People at work call me healthy and it hits my ears like an insult. I don’t feel healthy.
I have other things on my plate. I am not blaming Christmas or work but simply life. I know I could have been active through the past couple months but I have been dealing with some things that needed my full attention.
There are some doors you just have to go through alone. Perhaps these doors I was meant to walk through.
I’m thinking of doing something crazy. It’s my style.
Unfortunately I am stuck with my Brooks Pure Cadence or Pure Connect or whatever they are. They are extremely lightweight, minimalist running shoes with mesh you can see through and worn out soles with irrigation channels. They are amazing summertime running shoes but boy do they suck this time of year.
It’s not the support I’m concerned about. My feet can handle whatever. Last year I ran barefoot most of the winter (indoor, on a track, but barefoot nonetheless).

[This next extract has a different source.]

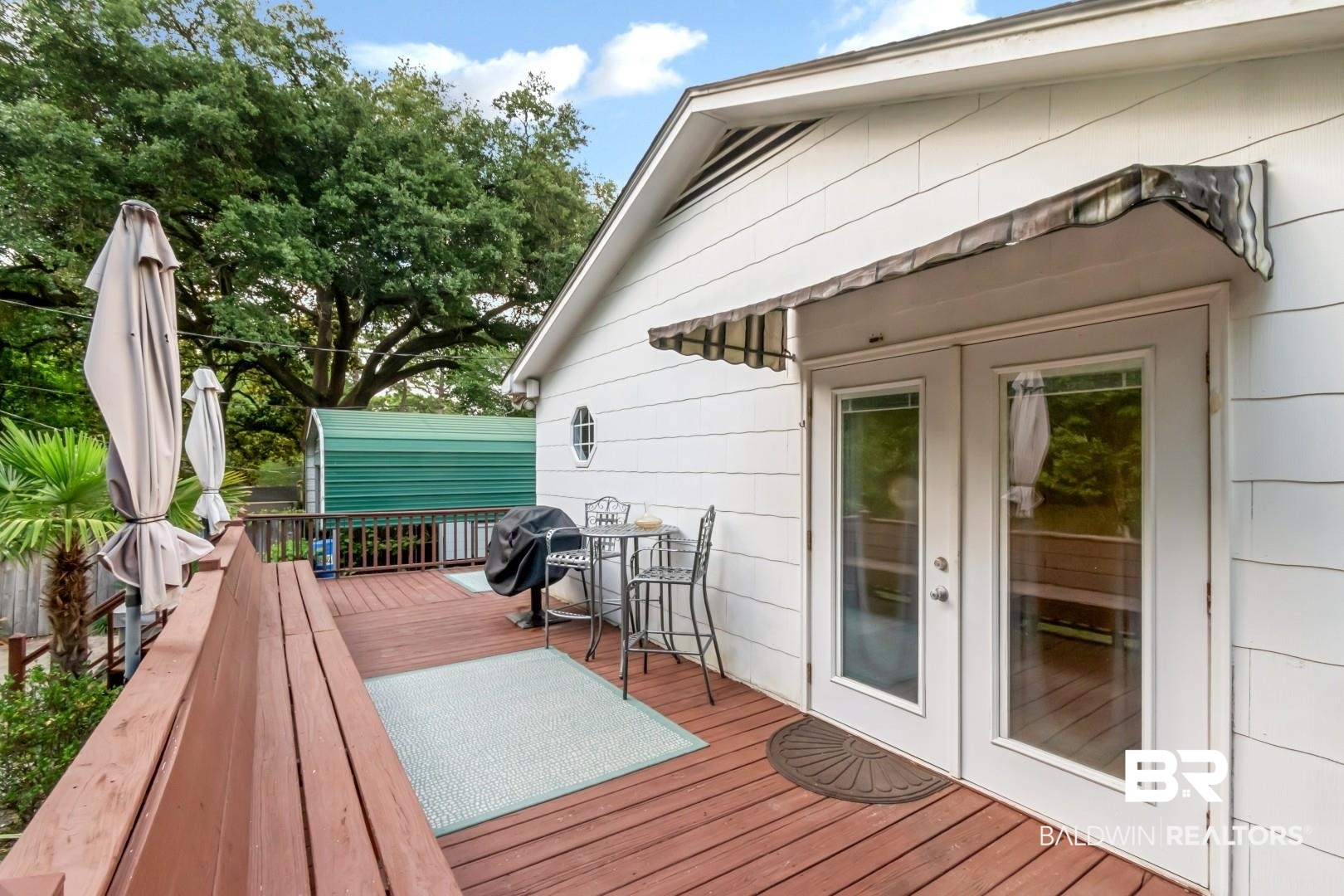 33 Lancaster Road Mobile, AL 36608 - Photo 23 of 40 Wooden deck with french doors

I’ve worked through some of my issues – walked through my open doors – and I’m getting closer to the action phase in the model of change.
I am thinking I need to go on a jean jogging streak. I don’t know that I could ride my bike in jeans, and I am frankly a little concerned about actually enjoying my run if I forced myself to do it in jeans every day, but I would like to be able to say that I have run every day for 2 weeks in denim. During the winter, at that!
I wonder what my friend over at Jogging in Jeans would say to that? Photo documentary?
I think I will wait for a reply before I enter the preparation phase.. I really only have one pair of jeans I would run in, and they are holier than thou (as my mom would say; therefore they are my church jeans). I suppose I could make an acception and run in my church clothes?
… I am now entering the “waiting to hear back from Jill” phase. What would the neighbors think?